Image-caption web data
_____

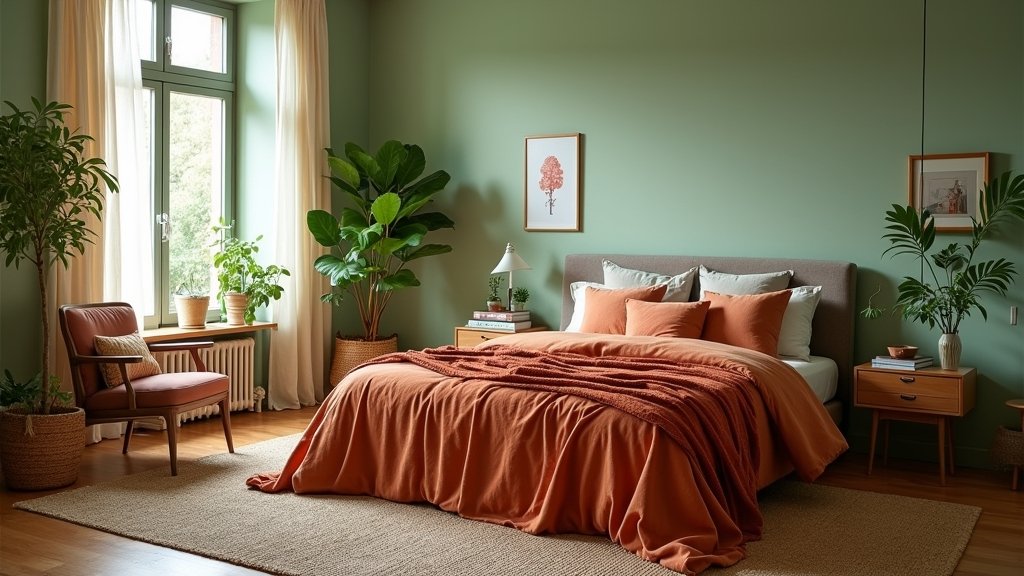 cozy green terracotta bedrooms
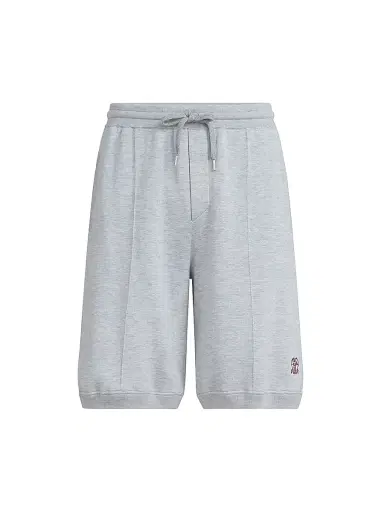 Brunello Cucinelli Men's Cotton and Silk French Terry Double Knit Bermuda Shorts with Logo - Pebble - Size XXXXL | Thumbnail 1 Brunello Cucinelli Men's Cotton and Silk French Terry Double Knit Bermuda Shorts with Logo - Pebble - Size XXXXL | Thumbnail 1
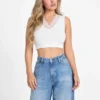 Raquel Lace-Trim Seamless Crop Top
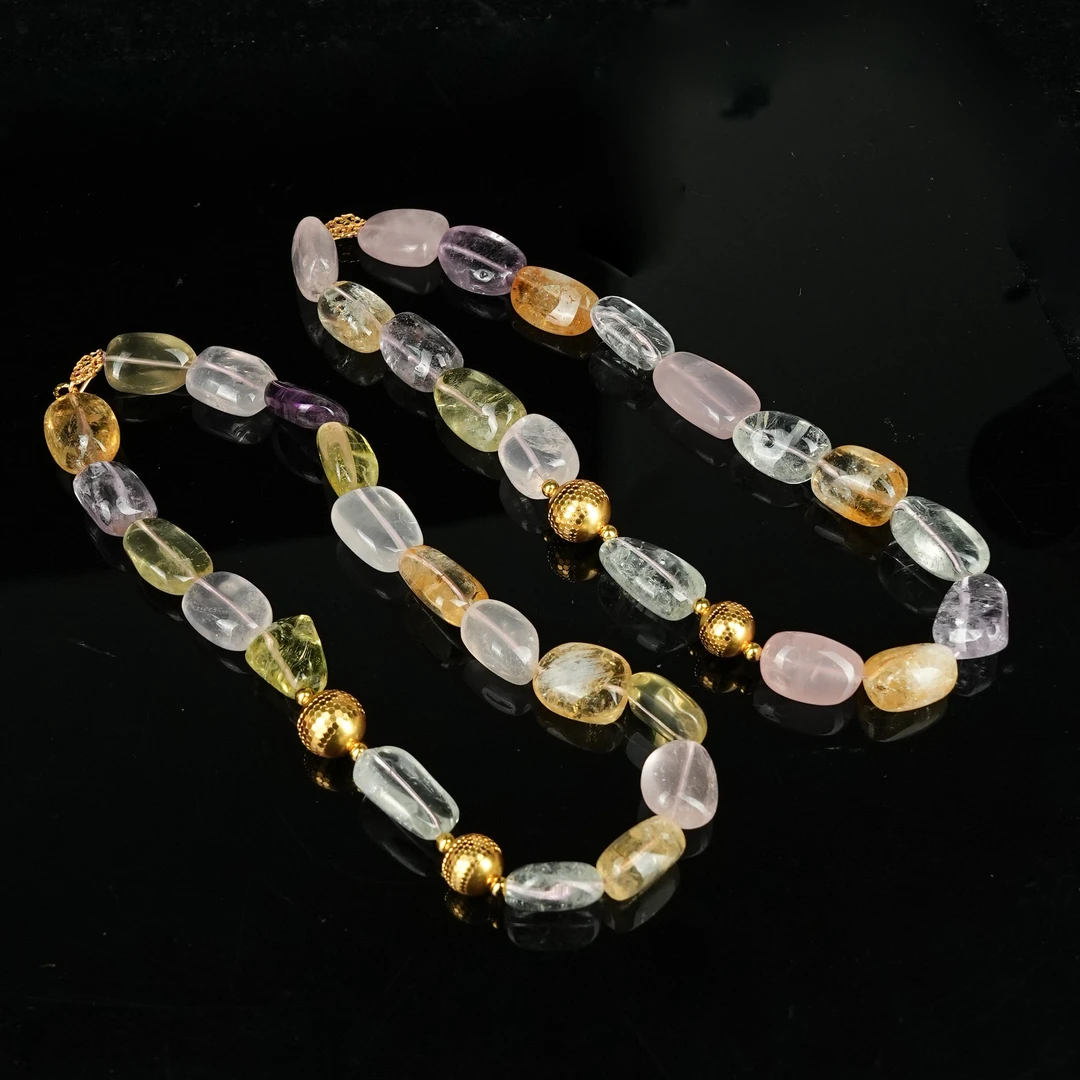 R*《莫兰迪色》水晶原石项链@HMG60050705@多样性发其一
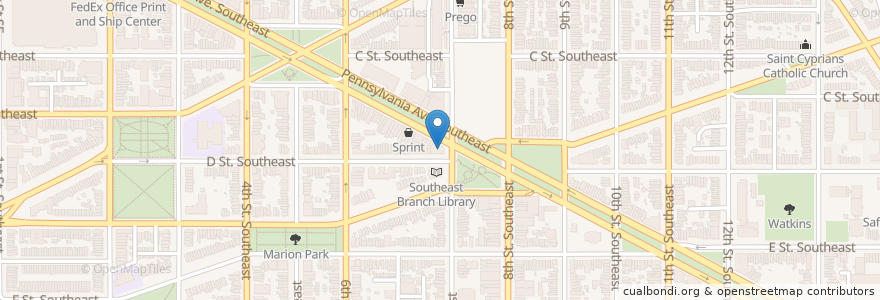 Mapa de ubicacion de CVS en Estados Unidos De América, Washington D. C., Washington.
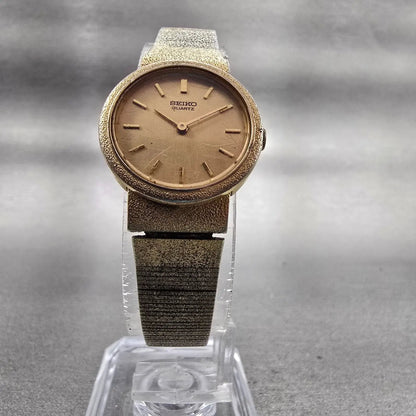 Seiko Watch Women 21mm Gold Dial Gold Tone Round 2320-0058 New Battery Vintage5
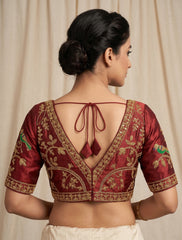 Royal Maroon Raw Silk Blouse with Hand-Embroidered Zardosi Peacock Motifs | Deep V-Neck Indo-Western Bridal Saree Blouse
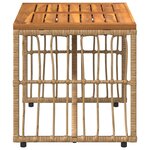 vidaXL Table de jardin Naturel 80 x 40 x 40 cm Acier et Rattan Poly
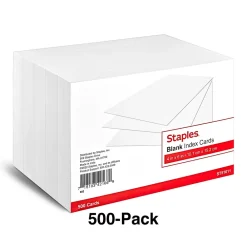 Index Cards*Staples 4" x 6" Index Cards, Blank, White, 500/Pack (TR51011)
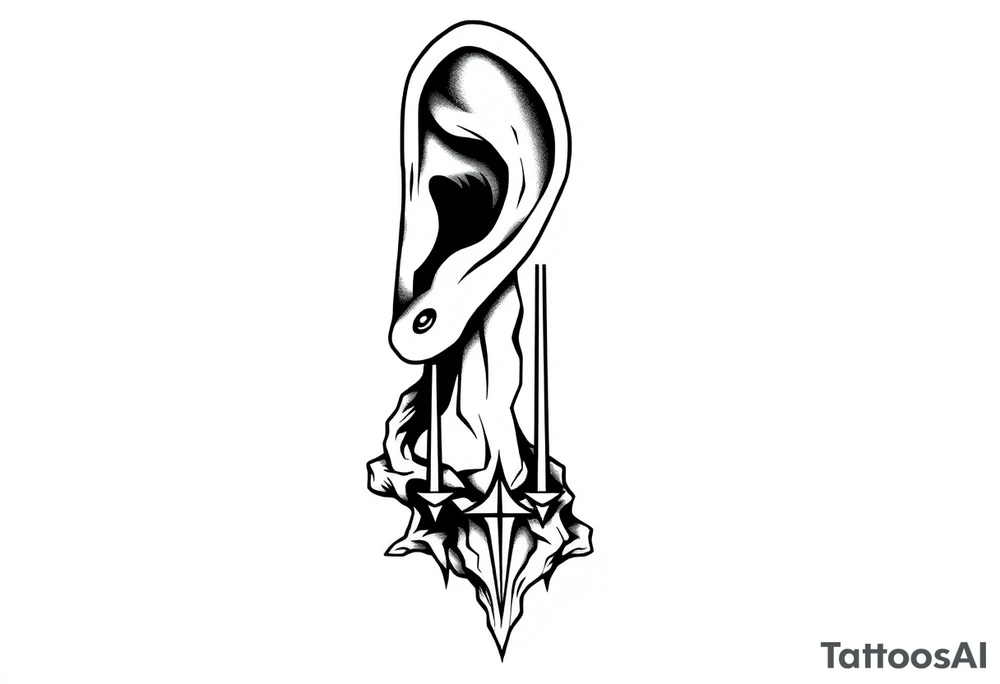 Prison Mexican tattoo idea behind the ear vertical tattoo idea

_____

## Task
Line for line, restate the data above and omit every picture.

## Solved problem
 cozy green terracotta bedrooms
 Brunello Cucinelli Men's Cotton and Silk French Terry Double Knit Bermuda Shorts with Logo - Pebble - Size XXXXL | Thumbnail 1 Brunello Cucinelli Men's Cotton and Silk French Terry Double Knit Bermuda Shorts with Logo - Pebble - Size XXXXL | Thumbnail 1
 Raquel Lace-Trim Seamless Crop Top
 R*《莫兰迪色》水晶原石项链@HMG60050705@多样性发其一
 Mapa de ubicacion de CVS en Estados Unidos De América, Washington D. C., Washington.
 Seiko Watch Women 21mm Gold Dial Gold Tone Round 2320-0058 New Battery Vintage5
 Royal Maroon Raw Silk Blouse with Hand-Embroidered Zardosi Peacock Motifs | Deep V-Neck Indo-Western Bridal Saree Blouse
 vidaXL Table de jardin Naturel 80 x 40 x 40 cm Acier et Rattan Poly
 Index Cards*Staples 4" x 6" Index Cards, Blank, White, 500/Pack (TR51011)
 Prison Mexican tattoo idea behind the ear vertical tattoo idea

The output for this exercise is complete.